Exploring and Lifting the Robustness of LLM-powered Automated Program Repair with Metamorphic Testing

In recent years, Large language model-powered Automated Program Repair (LAPR) techniques have achieved state-of-the-art bug-fixing performance and have been pervasively applied and studied in both industry and academia. Nonetheless, LLMs were proved to be highly sensitive to input prompts, with slight differences in the expressions of semantically equivalent programs potentially causing repair failures.

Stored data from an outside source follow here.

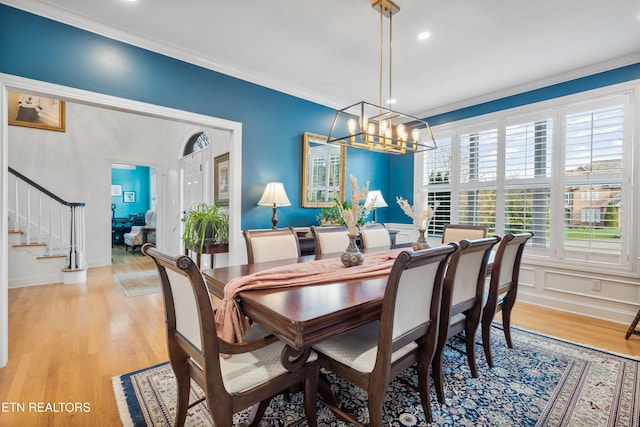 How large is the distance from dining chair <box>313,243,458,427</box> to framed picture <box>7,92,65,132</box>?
5885mm

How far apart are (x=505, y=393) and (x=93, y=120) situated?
7063 mm

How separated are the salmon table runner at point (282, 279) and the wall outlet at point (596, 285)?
255cm

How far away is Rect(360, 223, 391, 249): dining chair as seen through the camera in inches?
126

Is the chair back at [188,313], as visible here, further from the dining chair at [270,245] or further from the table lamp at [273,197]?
the table lamp at [273,197]

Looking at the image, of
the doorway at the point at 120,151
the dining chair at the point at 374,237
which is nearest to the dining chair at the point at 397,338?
the dining chair at the point at 374,237

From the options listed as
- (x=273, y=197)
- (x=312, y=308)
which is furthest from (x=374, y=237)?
(x=312, y=308)

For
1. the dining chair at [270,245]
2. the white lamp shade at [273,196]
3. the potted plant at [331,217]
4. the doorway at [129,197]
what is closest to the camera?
the dining chair at [270,245]

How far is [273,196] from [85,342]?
213 cm

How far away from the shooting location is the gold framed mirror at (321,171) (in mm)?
4062

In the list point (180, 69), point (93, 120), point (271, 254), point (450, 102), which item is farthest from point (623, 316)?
point (93, 120)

Therefore, it is crucial to conduct robustness testing on LAPR techniques before their practical deployment. However, related research is scarce. To this end, we propose MT-LAPR, a Metamorphic Testing framework exclusively for LAPR techniques, which summarizes nine widely-recognized Metamorphic Relations (MRs) by developers across three perturbation levels: token, statement, and block. Afterward, our proposed MRs are applied to buggy codes to generate test cases, which are semantically equivalent yet to affect the inference of LAPR. Experiments are carried out on two extensively examined bug-fixing datasets, i.e., Defect4J and QuixBugs, and four bug-fixing abled LLMs released recently, demonstrating that 34.4% - 48.5% of the test cases expose the instability of LAPR techniques on average, showing the effectiveness of MT-LAPR and uncovering a positive correlation between code readability and the robustness of LAPR techniques. Inspired by the above findings, this paper uses the test cases generated by MT-LAPR as samples to train a CodeT5-based code editing model aiming at improving code readability and then embeds it into the LAPR workflow as a data preprocessing step. Extensive experiments demonstrate that this approach significantly enhances the robustness of LAPR by 49.32% at most.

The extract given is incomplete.